BCZ3205DL / BCZ3205DW
8. Gebruik
MAAIMETHODE
(a) Maai met de linker voorkant van het maaiblad.
(b) Houd de bosmaaier iets naar links gekanteld en beweeg
het maaiblad van rechts naar links.
(c) Begin bij grote oppervlakken aan de linkerkant om geen last
van reeds gemaaid gras te hebben.
(d) Het maaiblad kan in de begroeiing vast komen te zitten als
de motorsnelheid te laag is of het maaiblad te diep in de
begroeiing komt. Pas de motorsnelheid en de maaidiepte
aan de omstandigheden aan.
WAARSCHUWING
• Als er gras of een ander voorwerp in het maaiblad verwikkeld
raakt, of als de bosmaaier begint te trillen of te schudden,
schakel dan de motor uit en inspecteer de hele bosmaaier.
Vervang het maaiblad als het is beschadigd.
• Stop de motor en controleer dat het mes geheel is gestopt
alvorens het mes te controleren en erin vastgelopen
voorwerpen te verwijderen.
WAARSCHUWING
HET CONTROLEREN VAN DE TERUGSLAG
• Een terugslag kan ernstig lichamelijk letsel veroorzaken. Lees
dit hoofdstuk aandachtig door. Het is belangrijk dat u weet
hoe een terugslag ontstaat, hoe u de kans op een terugslag
kunt verminderen en hoe u de bosmaaier onder controle
kunt houden als er een terugslag optreedt.

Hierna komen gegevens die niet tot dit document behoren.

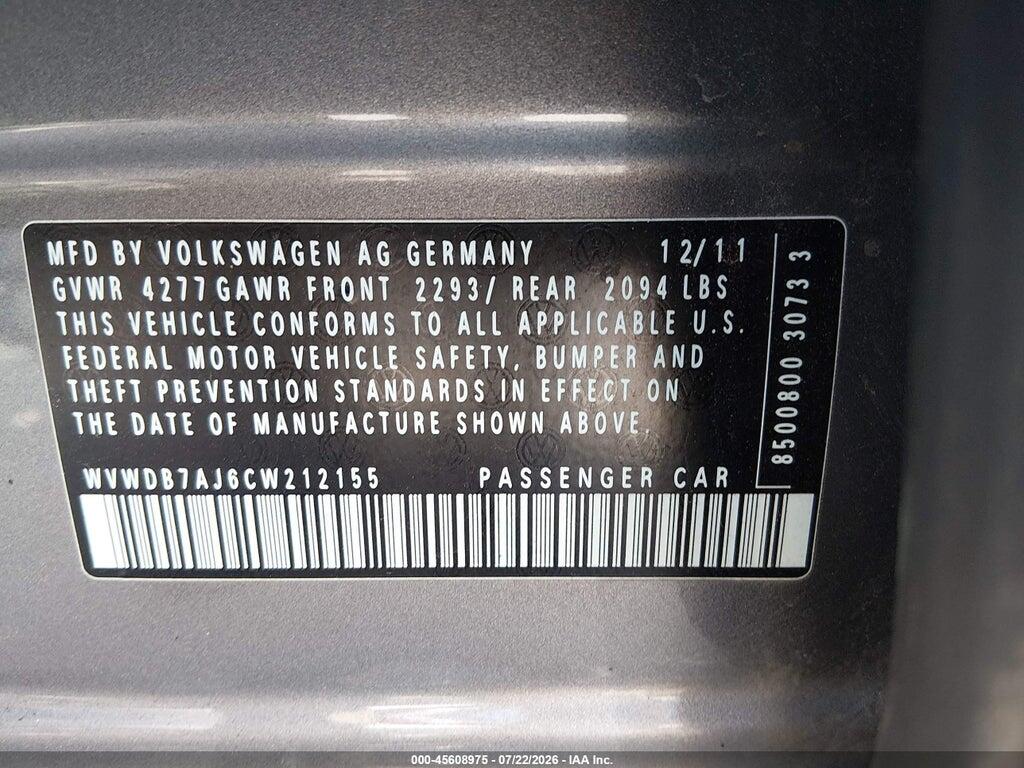 WVWDB7AJ6CW212155 2012 VOLKSWAGEN GOLF photo no. 9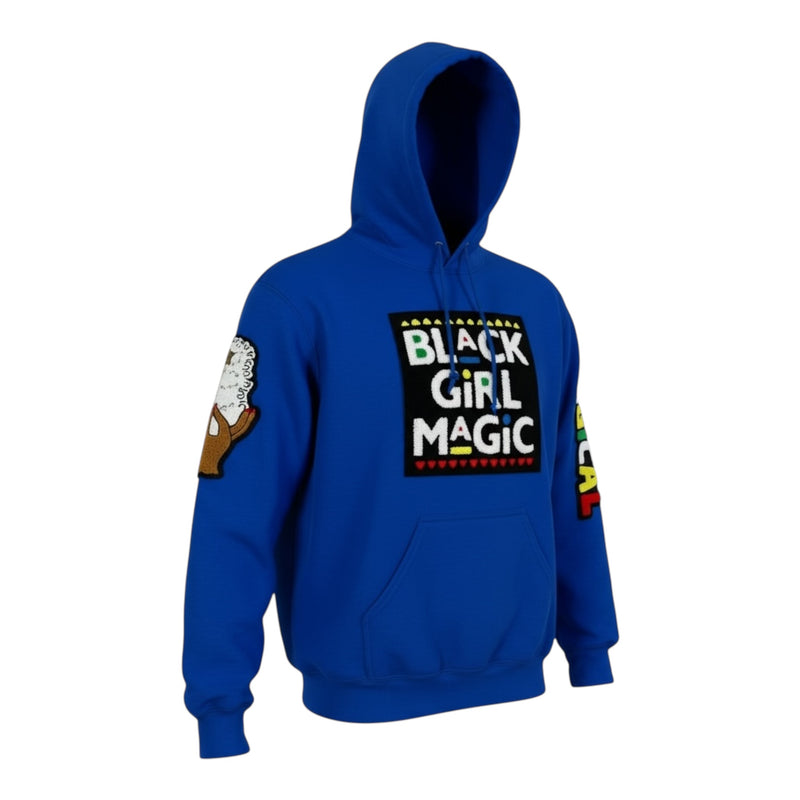 Remixed Black Girl Magic Hoodie Unisex Royal Blue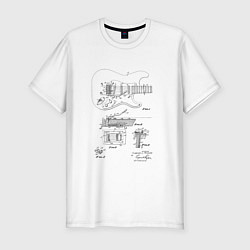 Футболка slim-fit Чертеж гитары fender, цвет: белый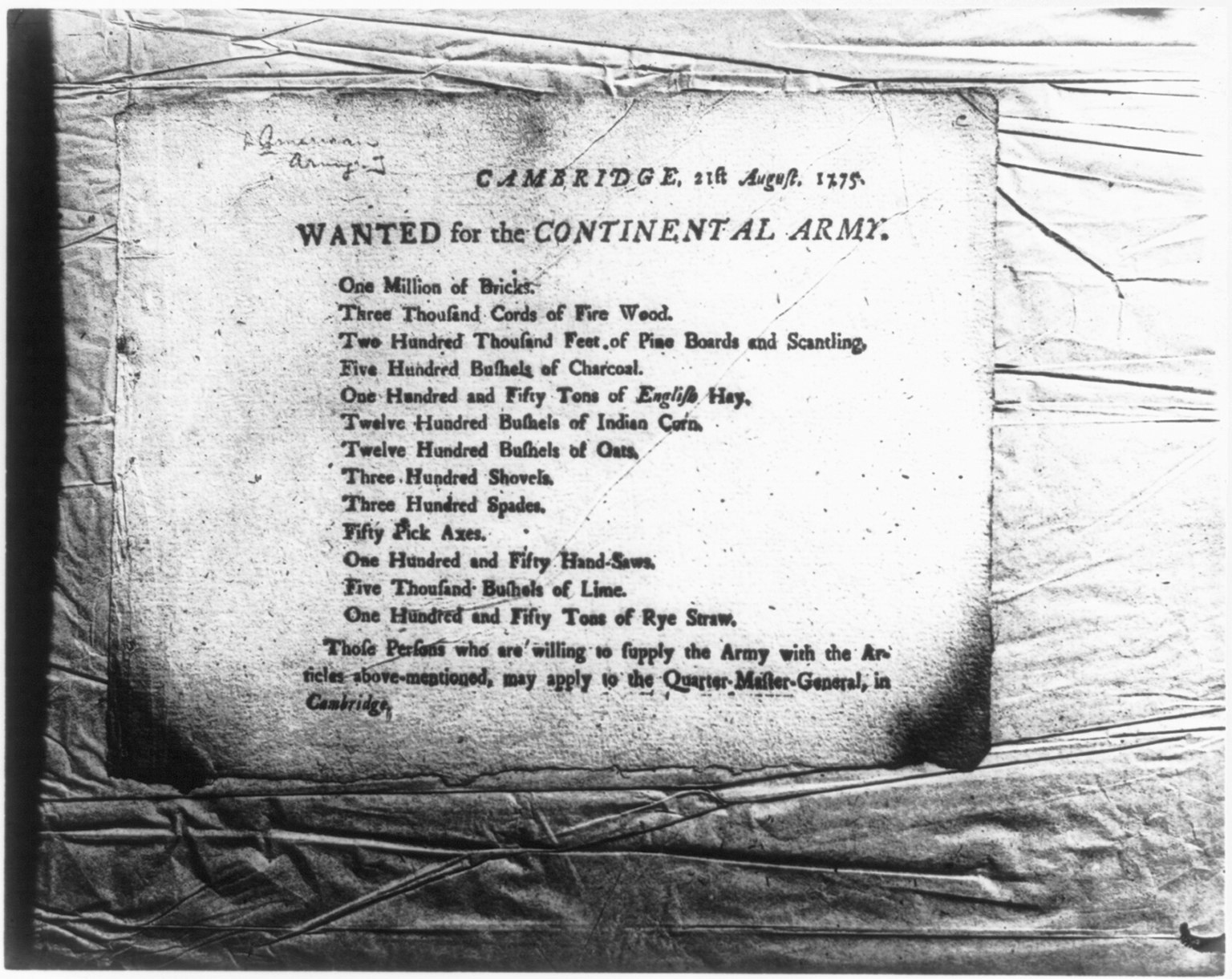 The Siege Broadsheet: Washington’s Raw Materials for a Winter Fortress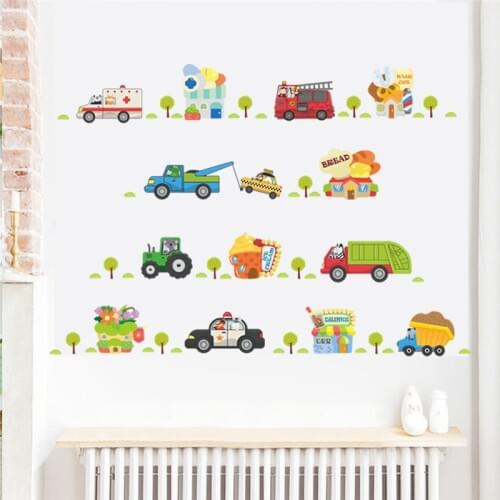 Cartoon Traffic Tool Cars Tractor Truck Wall Stickers For Kids Room Home Decoration Diy Baseboard Wall Mural Art Pvc Decals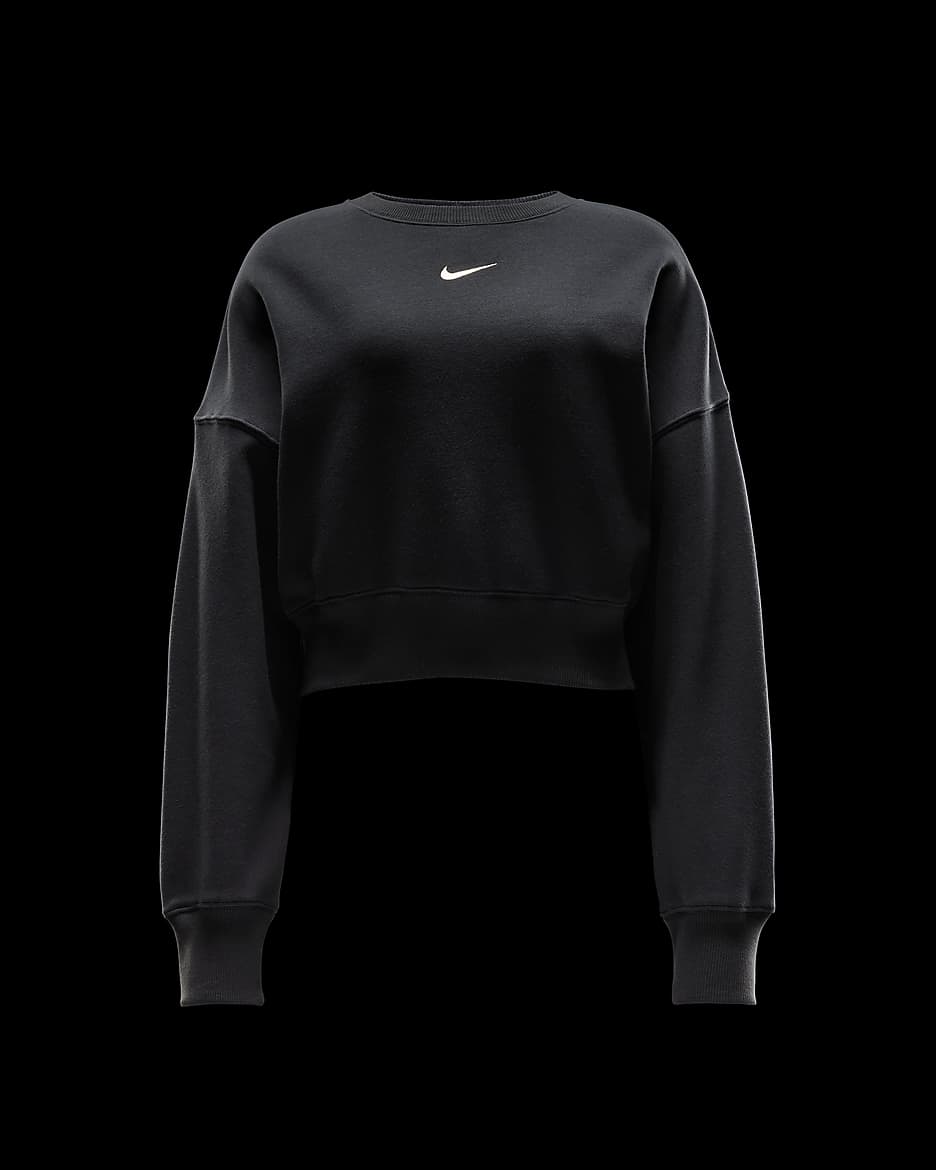 Nike Sportswear Phoenix Fleece Women's Over-Oversized Crew-Neck Sweatshirt - Black/Sail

1. Hoe een terugslag ontstaat:
• Een terugslag ontstaat wanneer het bewegende maaiblad
in contact komt met een voorwerp waar het niet door heen
kan snijden. Door dit contact komt het maaiblad even tot
stilstand en beweegt of „stuit" weg van het geraakte
voorwerp. De gebruiker kan daardoor de controle over de
bosmaaier verliezen en het maaiblad kan ernstig lichamelijk
letsel toebrengen aan de gebruiker of aan elke persoon dat
zich in de directe omgeving bevindt.
2. Hoe u de kans op een terugslag kunt verminderen:
a. Erken dat een terugslag ook bij u kan optreden. Door van
het gevaar van een terugslag bewust te zijn, kunt u het risico
dat u zich laat verrassen terugdringen.
b. Maai alleen vezelachtig onkruid en gras. Voorkom dat het
maaiblad in contact komt met voorwerpen dat niet gesneden
kan worden, zoals harde en verhoute ranken en twijgen,
stenen, schuttingen, metaal, enz.
c. Wees extra alert op een terugslag wanneer u maait op
plaatsen waar u het maaiblad niet goed kunt zien, zoals op
dichtbegroeide plaatsen.
NL-14
d. Houd het maaiblad scherp. Een stomp maaiblad verhoogt
de kans op een terugslag.
e. Beweeg het maaiblad niet te snel. Het maaiblad kan van het
te maaien materiaal worden weggeslagen als het maaiblad
sneller beweegt dan dat het kan maaien.
f. Maai alleen van rechts naar links.
g. Houd de richting waarin u zich beweegt vrij van maaisel en
ander vuil.
3. Hoe u de controle over de bosmaaier kunt be-
houden:
a. Houd de bosmaaier met beide handen stevig vast. Als u de
bosmaaier stevig vast heeft, kunt u een eventuele terugslag
gemakkelijker opvangen. Houd de handgrepen volledig
omsloten door beide handen.
b. Plaats de voeten iets uiteen in een voor u comfortabele stand,
maar wees voorbereid op een eventuele terugslag. Voorkom
dat u te ver moet reiken. Zorg dat u stevig staat en
voortdurend in balans bent.
SNIJWERK (GEBRUIK VAN DE SNOEIKOP)
WAARSCHUWING
1. Bescherm altijd de ogen, bijvoorbeeld met een veilig-
heidsbril. Leun nooit over de draaiende maaikop. Er
kunnen steentjes of andere voorwerpen in de richting
van de ogen en het gelaat worden opgeworpen die ernstig
letsel kunnen veroorzaken.
2. Zorg dat het snijmechanismeschild altijd is aangebracht
wanneer de machine wordt gebruikt.
HET MAAIEN VAN GRAS EN ONKRUID
•
Houd in gedachten dat het maaien wordt gedaan door het
uiteinde van de draad. U krijgt een beter resultaat wanneer
u de draad niet te ver vooruit steekt. Laat de bosmaaier het
tempo bepalen.
1. Houd de bosmaaier met de maaikop los van de grond en
onder een hoek van ongeveer 20 graden in de maairichting.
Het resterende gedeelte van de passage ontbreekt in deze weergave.